=== TASK BRIEF ===
Pull out every line in the data that has the string "SPORTS" in it.

───── GIVEN RECORDS

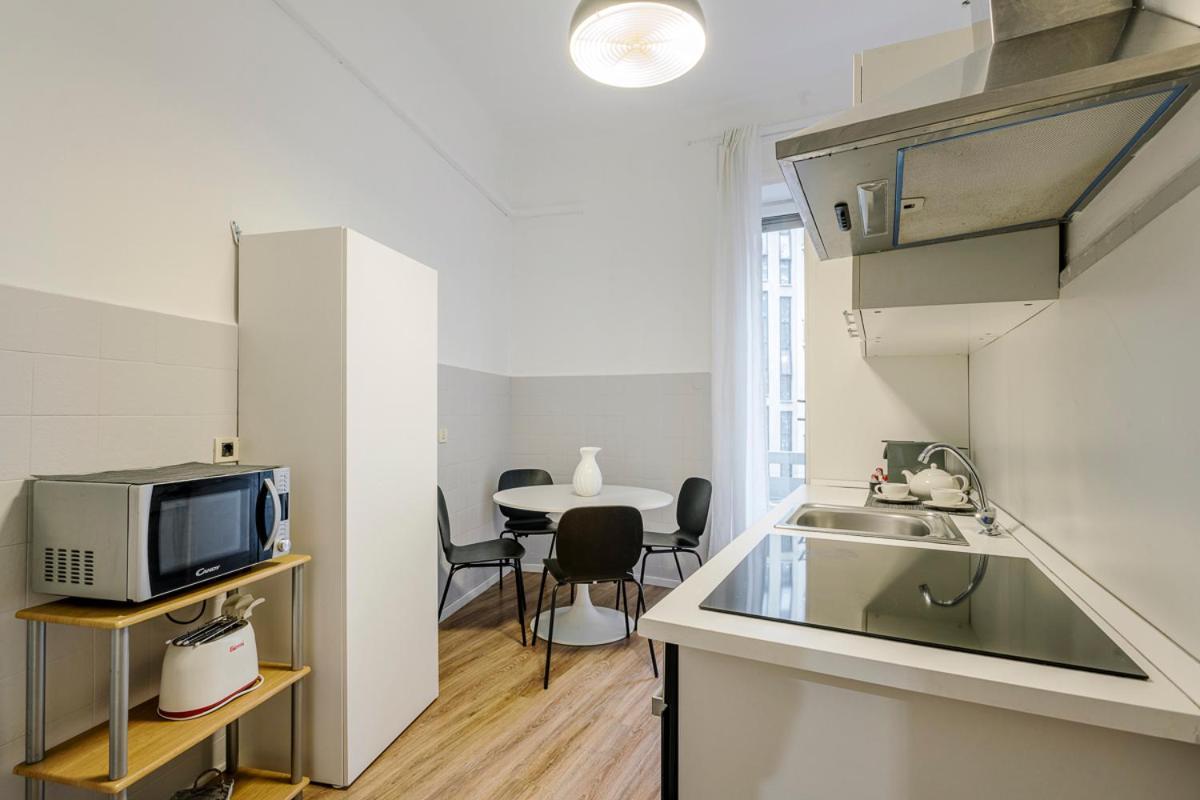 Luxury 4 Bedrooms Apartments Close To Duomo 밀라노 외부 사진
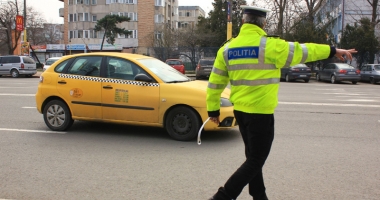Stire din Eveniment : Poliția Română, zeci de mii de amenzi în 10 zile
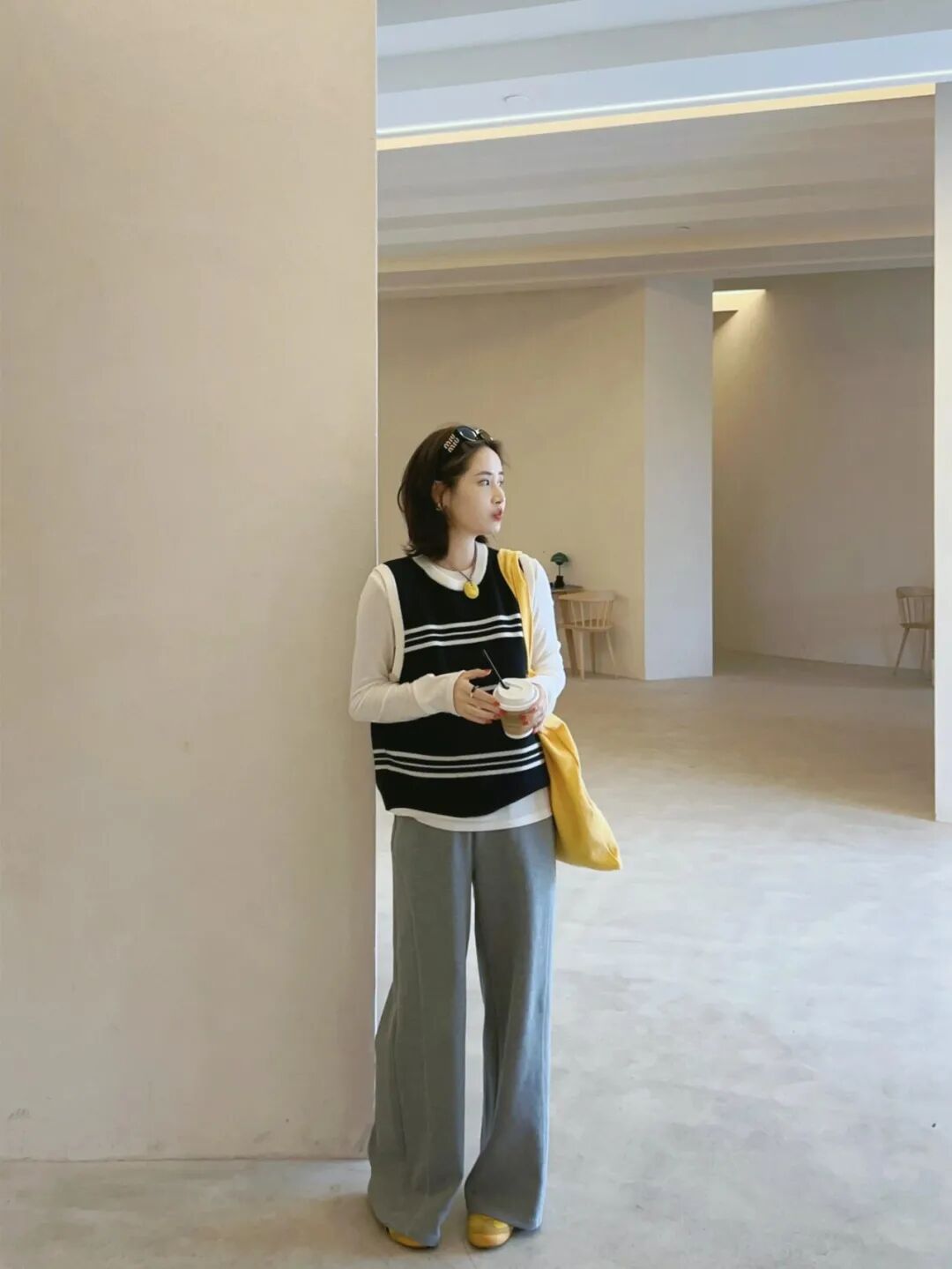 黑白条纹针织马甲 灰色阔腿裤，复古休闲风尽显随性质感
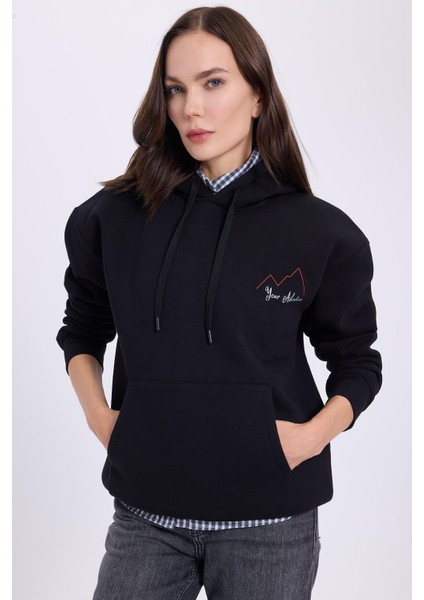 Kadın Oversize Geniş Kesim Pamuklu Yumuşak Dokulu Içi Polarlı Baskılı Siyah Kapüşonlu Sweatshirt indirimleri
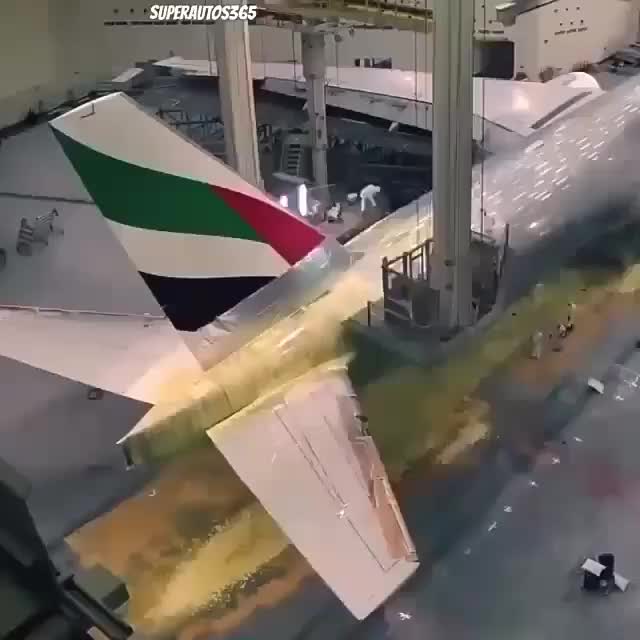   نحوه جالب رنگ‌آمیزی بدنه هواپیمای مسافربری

──────────
───── GIVEN RECORDS

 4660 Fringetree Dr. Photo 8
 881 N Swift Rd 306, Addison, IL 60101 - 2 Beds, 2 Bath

──────────
───── GIVEN RECORDS

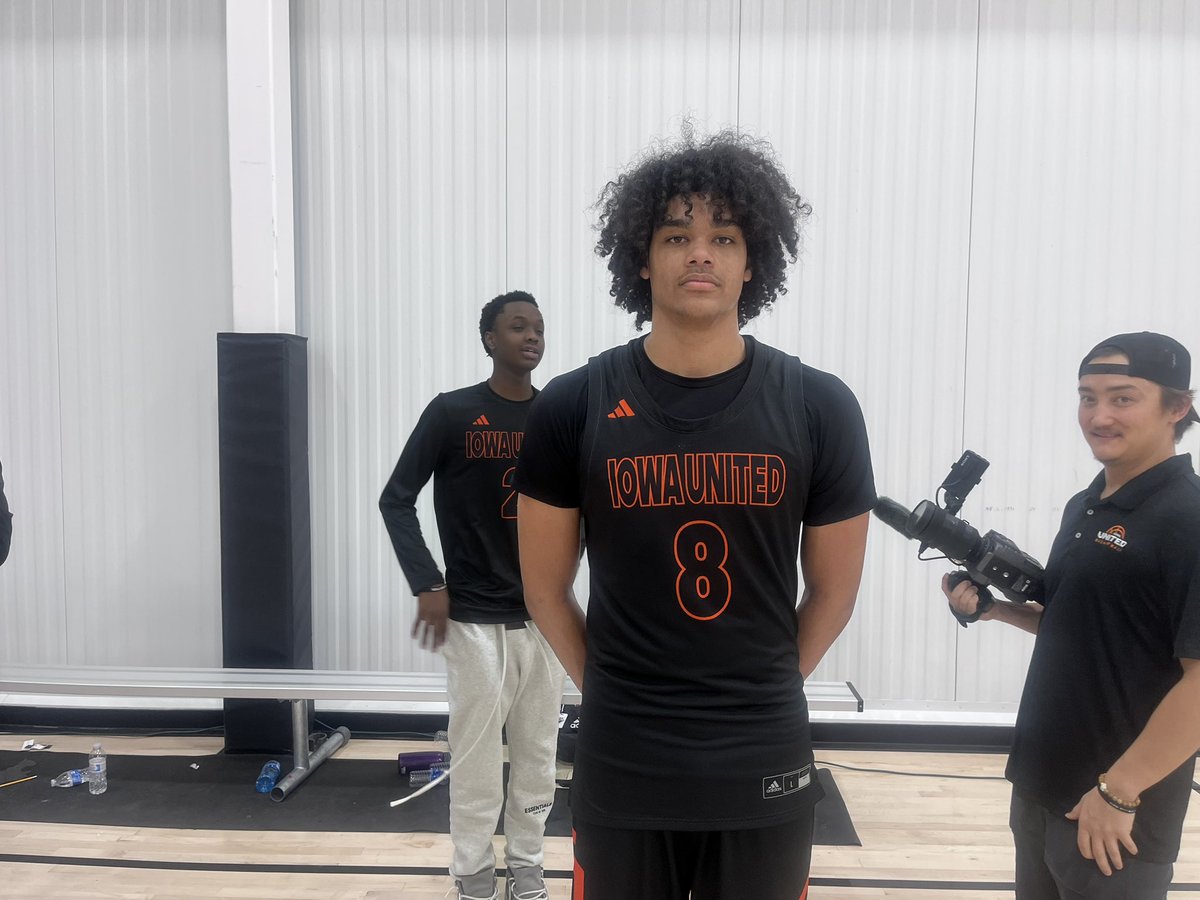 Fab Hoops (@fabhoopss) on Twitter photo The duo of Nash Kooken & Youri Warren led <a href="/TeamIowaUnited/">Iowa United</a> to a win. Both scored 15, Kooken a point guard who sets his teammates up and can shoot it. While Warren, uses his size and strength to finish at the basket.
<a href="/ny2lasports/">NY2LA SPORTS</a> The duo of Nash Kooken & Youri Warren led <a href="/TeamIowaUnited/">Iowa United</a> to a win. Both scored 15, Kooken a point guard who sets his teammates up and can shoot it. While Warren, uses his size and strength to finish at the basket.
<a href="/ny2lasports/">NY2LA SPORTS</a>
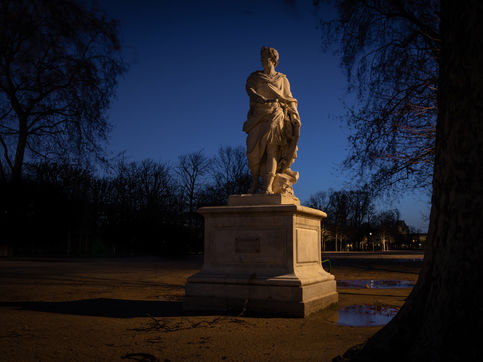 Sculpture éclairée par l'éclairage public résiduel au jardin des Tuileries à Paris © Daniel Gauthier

──────────

=== RESULT ===
<a href="/ny2lasports/">NY2LA SPORTS</a> The duo of Nash Kooken & Youri Warren led <a href="/TeamIowaUnited/">Iowa United</a> to a win. Both scored 15, Kooken a point guard who sets his teammates up and can shoot it. While Warren, uses his size and strength to finish at the basket.
<a href="/ny2lasports/">NY2LA SPORTS</a>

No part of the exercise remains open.